The Ireland Experience

It’s true what they say, a Guinness tastes better in Ireland. And sure, you’ve been to an Irish pub and celebrated Saint Patrick’s Day, but nothing compares to experiencing this rich and complex land in the flesh. Whether it’s live music in a pub or a horseback ride through the wilds of the Moher Cliffs, you’ll find that in Ireland tradition is a living thing. Steep yourself in legend at the Blarney Castle—where a kiss of the stone is said to give you eloquence—then take your newfound gift of gab on a night out in Belfast to create some tall tales of your own.

Popular Attractions in Ireland

Giant’s Causeway 

Follow Shepherd’s Steps up the basalt columns of Giant’s Causeway for spectacular views of the Atlantic horizon. If the hike has you worn, then take a rest in the “Wishing Chair,” a place in the stone which has been worn into a smooth seat by hopeful travelers.
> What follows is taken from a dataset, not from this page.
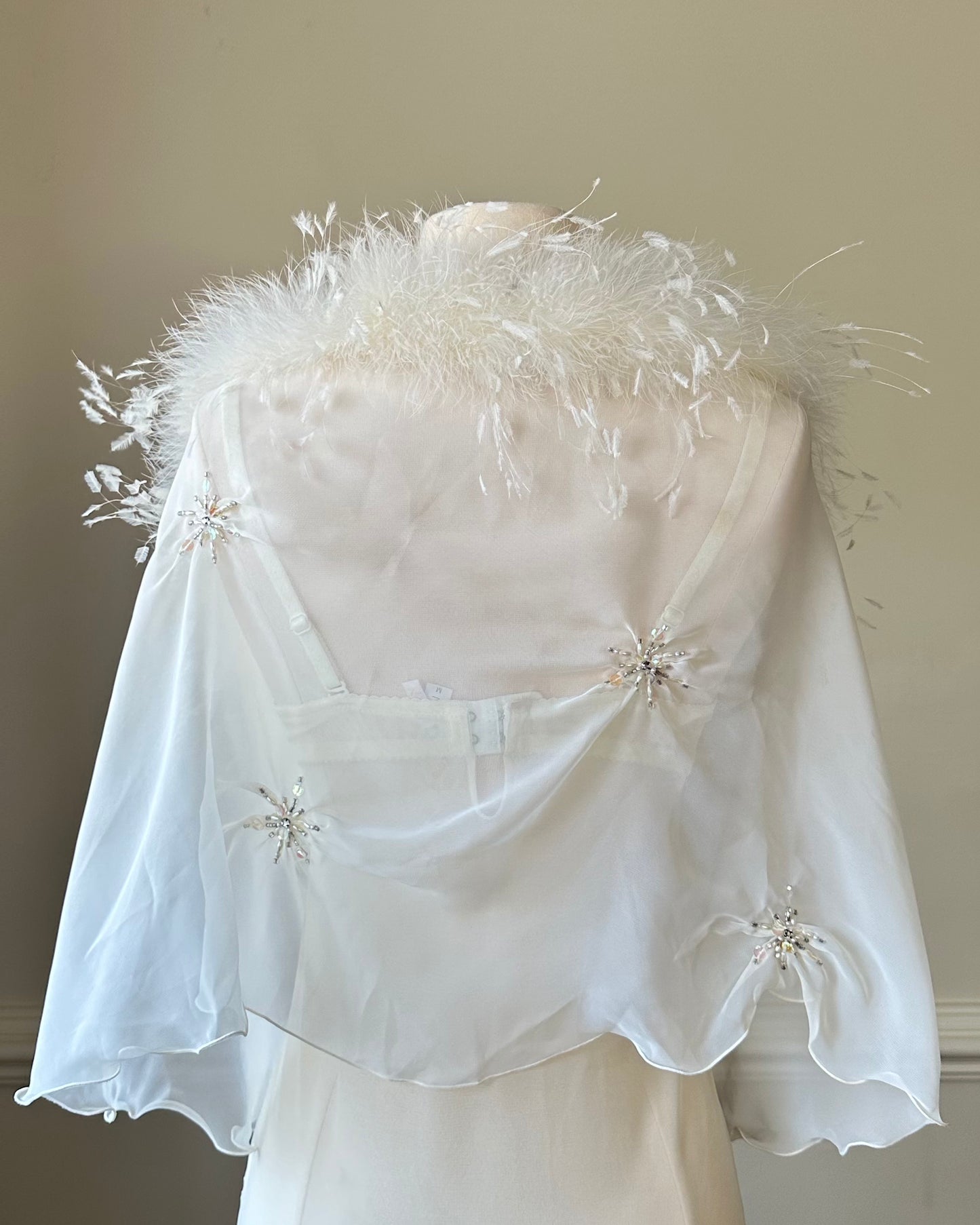 Beautiful Japanese Fur Cape featuring Sheer Chiffon Fabric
Legend has it that the basalt columns of Giant’s Causeway are the remains of a bridge connecting Ireland and Scotland, built by warring giants of yesteryear.

Cliffs of Moher

Journey along the west coast to County Clare and the legendary Cliffs of Moher. Peer down from the rocky outcrop and you’ll see the swelling waters of the Atlantic Ocean 509 feet below. Over twenty bird species make their home here, so keep an eye out for puffins and peregrine falcons. As part of a UNESCO Global Park, there’s a lot to explore—so why not go on horseback?

Blarney Castle

The beautifully preserved 15th-century castle is world-famous for a single stone. The Blarney Stone is of uncertain origins but said to give the gift of eloquence to anyone brave enough to kiss it—to reach it all you have to do is hang upside down from the ramparts. See whether the charm worked on the walk around the lake. If this lush foliage doesn’t make a poet out of you, nothing will.

Connemara National Park

Once part of the Kylemore Abbey Estate, the Connemara National Park is the epitome of Irish wilderness. In just under eight square miles you’ll see bogs, heath, and woodlands, not to mention the mighty peaks of Benbaun and  Muckanaght. Explore this romantic backcountry by foot or car, keeping an eye out for grazing Connemara Ponies on your merry Atlantic way.

Dublin

A cozy capital city with an elegant Georgian flair, Dublin hugs the east coast where the River Liffey meets the Irish Sea. Of course, you’ll want to see the hits: Saint Patrick’s Cathedral, the Book of Kells, and the Jameson Distillery, but the locals or “Dubs” won’t let you leave without a heaping dish of Coddle—a sausage and potato bake—and a pint of Guinness in one of the many classic pubs. Pick one with live music.

Belfast

The capital of Northern Ireland, Belfast has managed to retain its industrial edge through its transformation into a nightlife hub. Head to the Cathedral Quarter for the best party—whether it’s a porter or a craft cocktail that you’re after. Clap along to a traditional session of Irish music and dance. The day has treasures of its own, stop by St George’s Market for a fresh bite of soda bread.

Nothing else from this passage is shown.